Костя устроился наверху, на матрасе, я – этажом ниже и долго еще не мог уснуть, глядя на луну, бессонно сиявшею в густой синеве ночи, распростершейся над миром в этот поздний час.
И вспомнил я другую луну, другую ночь…
12 августа 93 года
12:00 Виза не готова. Оставил у Славика квиток и теперь собираемся в обратную дорогу. На чём и как поедем— пока еще не знаем.
Островная экономика. Заборы, заборы, заборы… Там— от набегов диких коз (?), здесь— от иных набегов
…
Кораблекрушение. То, что происходит тоже крушение и тоже обломки идеалов, идей, надежд, иллюзий из них мы и лепим (язык не пов со сказать строим) свое бытие. Ржавое железо, ржавая колючая проволока, шифер битый, колотый, доски с гвоздями и следами цемента. Рыжие заплаты ржавого железа
Подмосковные пригороды ничем не отличаются от ленинградских, и я временами путаюсь, глядя сквозь пыльное окно на точно такие же коробки мутными стеклами, на пыльные кусты, железнодорожная платформы
18:45 “Отон-сервис” Пишу у Славика в конторе, с комфортом расположившись за большим и широким столом под люминесцентной лампой. Комната напичкана компьютерами и всевозможной техникой, название и назначение которой я не знаю.

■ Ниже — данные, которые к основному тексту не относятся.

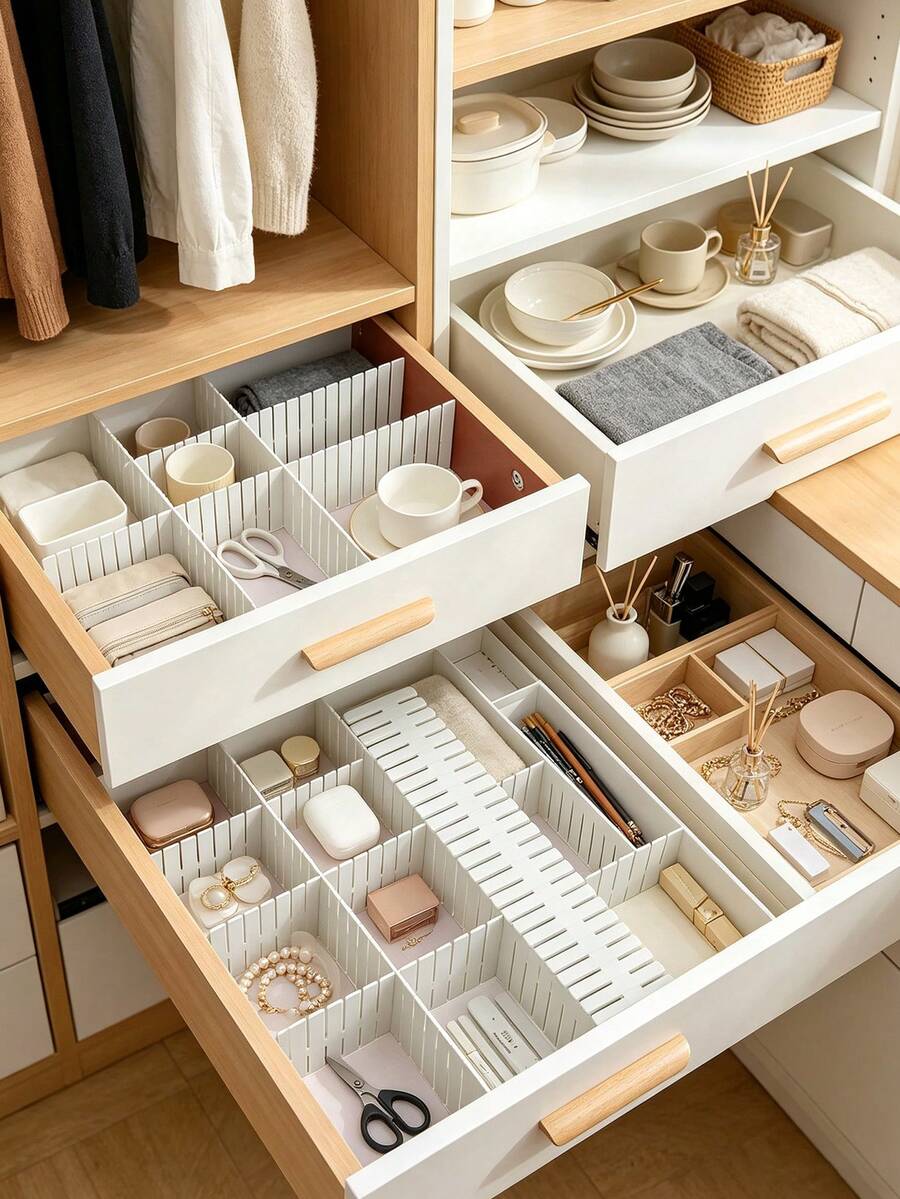 1/8/12 Pembatas Laci DIY yang Dapat Disesuaikan, Kotak Penyimpanan, Untuk Mengatur Barang-Barang, Peralatan Makan, Pakaian Dalam, Kaos Kaki, Pakaian, Rok, Meja dan Kotak, Cocok untuk Dapur, Kamar Mandi, Kamar Tidur, Kantor (Dapat Dipotong Sesuai Ukuran) - MultiWarna - View 1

Билетов на новгородский поезд нет, ехать придется тихоходным 652-м, который отправляется в 2:30 ночи, а пребывать в Малую Вишеру в половине первого дня
13 августа 93 года
1:20 Битком набитый Ленинградский вокзал. Духота. Вокруг памятника вождю мирового пролетариата лежат вповалку граждане великой страны и ни шум, ни людская толчея не мешает им спать беспокойным и тяжким дорожным сном
У девушки— казашки купили с Костей 4 килограмма яблок и груш. Купили дешево. Белый налив по 300 рублей килограмм, а груши и вовсе по 200. Торговала она на улице, и сумок, взвешивала на домашнем безмене, подцепив на крючок целлофановый пакет. И как-то мило и грустно предлагала свой товар: “Попробуйте, яблоки очень вкусные, не пожалеете. Возьмите по 200, если по 300 не хотите.” Была она чем-то похожа на девочку— старшеклассницу: короткая, под мальчика, прическа, спортивный костюм
4 часа ночи. Первая остановка. Где— непонятно. 652-й оказался “Юностью” с сидячими местами, которую пустили по чужому маршруту в связи с наплывом пассажиров. Так нам объяснила словоотхотливая проводница
5 часов. Кажется, Тверь. Ужасно застыли ноги. Спать хочу, но уснуть в таком неудобном положении надолго не могу
07:40 Неторопливый наш поезд так и тащится нога за ногу. Стоим опять где-то. лужи на перроне, сумрачно и сыро. Костя сказал, что это Вышний Волочек.
14 августа 93 года
12:05 Новороссийский поезд. Возвращаюсь ни с чем из Окуловки. Забыл на вокзале сумку с деньгами, одеждой и туфлями и мысленно с нею простился (ну кто сейчас пройдет мимо того, что плохо лежит?), но нашлись добрые люди, сумку подобрали и вернули мне в целости и сохранности.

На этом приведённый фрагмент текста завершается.